Ma a chi spetterebbe, nel concreto, decidere la chiusura della Ferriera? «Non è che domani - precisa - il sindaco va lì e dice ”chiudete tutto”. Mi confronterò con la procura, è del tutto evidente. L’attuale proprietà, in questo momento, dovrebbe essere furba e fare il possibile affinché la trattativa con Arvedi vada avanti». Un rientro delle emissioni nei parametri di legge, dunque, è per Dipiazza il presupposto-base per l’eventuale passaggio della Ferriera dal gruppo Lucchini a quello di Cremona. E anche davanti ad Arvedi, incalza il primo cittadino, «servirà un’unità istituzionale tale da imporre alla nuova proprietà tutti i paletti ambientali già prima di concludere l’affare».

«Ho avuto la sensazione che Arvedi abbia l’intenzione di presentare un piano industriale compatibile con l’aspetto ambientale», conferma l’assessore regionale al lavoro Roberto Cosolini. Il quale, però, bolla l’ultima uscita di Dipiazza. «Non mi stupisce - commenta Cosolini - quanto ha detto il simpatico sindaco. È chiaro che se le violazioni delle norme ambientali comportano danni accertati alla salute dei cittadini, chi ha la responsabilità di decidere dei provvedimenti lo deve fare. Il principio della tutela della salute, tuttavia, è argomento troppo delicato per farlo scivolare nel dibattito politico. È il momento di azioni serie e rigorose, non di annunci roboanti quanto inconcludenti.
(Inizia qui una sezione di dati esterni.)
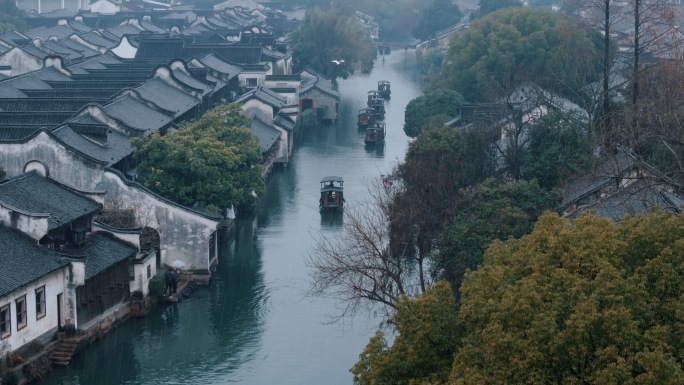 江南烟雨乌镇雨水航拍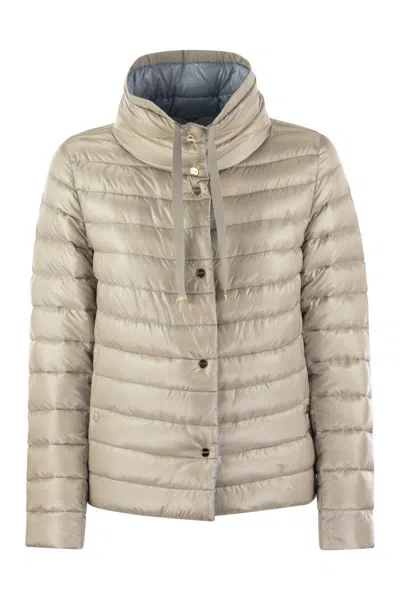 Herno Reversible Jacket In Ultralight Nylon In Champagne/light Blue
Per anni Dipiazza ha continuato a dire ”chiudo, chiudo”. Salvo poi, quando è emersa la soluzione Arvedi, assumersi meriti che non aveva dicendo ”ho fatto bingo, salvo l’industria e l’ambiente”. Ora, invece, se ne torna allo scoperto con un nuovo annuncio».

Dal fronte sindacale, intanto, l’uscita di Dipiazza scatena una pioggia di critiche. «Mi sembra che il sindaco sia un po’ volubile visto che fino a dieci giorni fa si era dimostrato entusiasta dell’ipotesi Arvedi», rileva il segretario provinciale della Cgil.”

 

Tranquilli era il 30 luglio 2007 e solo una pagina del Piccolo.

Secondo voi dieci anni dopo è cambiato qualcosa?